Juste quelques mots sur la suite de cet aérodrome. Henri explique :
« En 1909 une entente s’établissait entre les organisateurs et M. G…., un riche industriel de Marseille, qui possédait en Crau de vastes domaines pour la location de 200 hectares. Le bail était signé jusqu’en 1927 avec promesse de vente. En 1912 après une vente aux enchères (voir la dépêche particulière de l’Excelsior du 21 mars ci-dessus) suite à une faillite il y aura deux nouveaux dirigeants (toujours de l’Aéro-Club de Provence).
Pendant la WW1 il y aura utilisation militaire (entrepôts, etc.) puis en 1917 cela devient un camp d’aviation dépendant d’Istres.
Y-a-t-il eu expropriation à titre militaire ? Je ne le sais pas mais cela doit être le cas. Il faudrait consulter les archives du SHD, des Domaines des BdR ou de la ville et actuellement … c’est assez difficile.
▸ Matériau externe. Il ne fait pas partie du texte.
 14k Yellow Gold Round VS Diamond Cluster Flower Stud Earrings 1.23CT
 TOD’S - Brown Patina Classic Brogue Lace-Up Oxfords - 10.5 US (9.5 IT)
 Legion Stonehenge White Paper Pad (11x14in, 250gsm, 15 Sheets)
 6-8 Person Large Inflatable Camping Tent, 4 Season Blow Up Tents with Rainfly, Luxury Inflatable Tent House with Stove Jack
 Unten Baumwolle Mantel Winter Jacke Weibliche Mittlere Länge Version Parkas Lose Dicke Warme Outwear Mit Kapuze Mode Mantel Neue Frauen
En 1923, l’Armée de terre installe une zone d’entrepôt en lieu et place de l’aérodrome (devenant l’Entrepôt de réserve générale de munitions de Miramas, ERGMu en 1935).
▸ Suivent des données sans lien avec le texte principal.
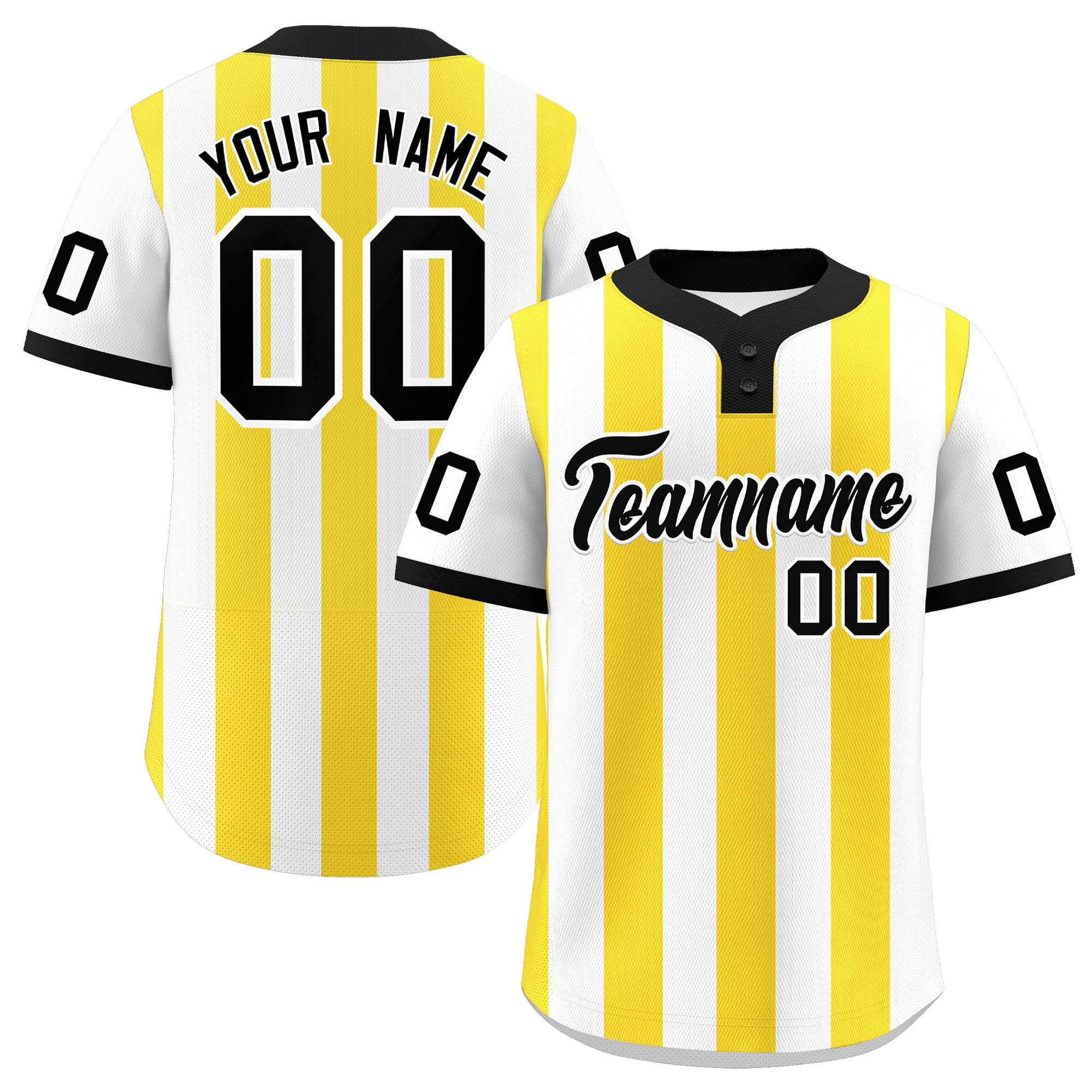 Custom White Gold Stripe Fashion Authentic Two-Button Softball Jersey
Il sera un temps occupé par l’armée allemande.
En 1994 il s’appelle « Etablissement du matériel de Miramas »
Le détachement de Miramas est, depuis le 27 mai 2011, l’Établissement principal des munitions « Provence » du service interarmées des munitions comprenant environ 150 personnes civiles et militaires. Le terrain du détachement de Miramas fait toujours 200 hectares (article de la Marseillaise suite à un vol d’armes).
Donc il me semble, à tort ou à raison que les limites du terrain de l’Établissement principal des munitions « Provence » doivent être (à 99 %) celles du terrain initial ? »

Grand merci Henri pour ce travail de fond sans oublier tous les autres membres qui ont participé.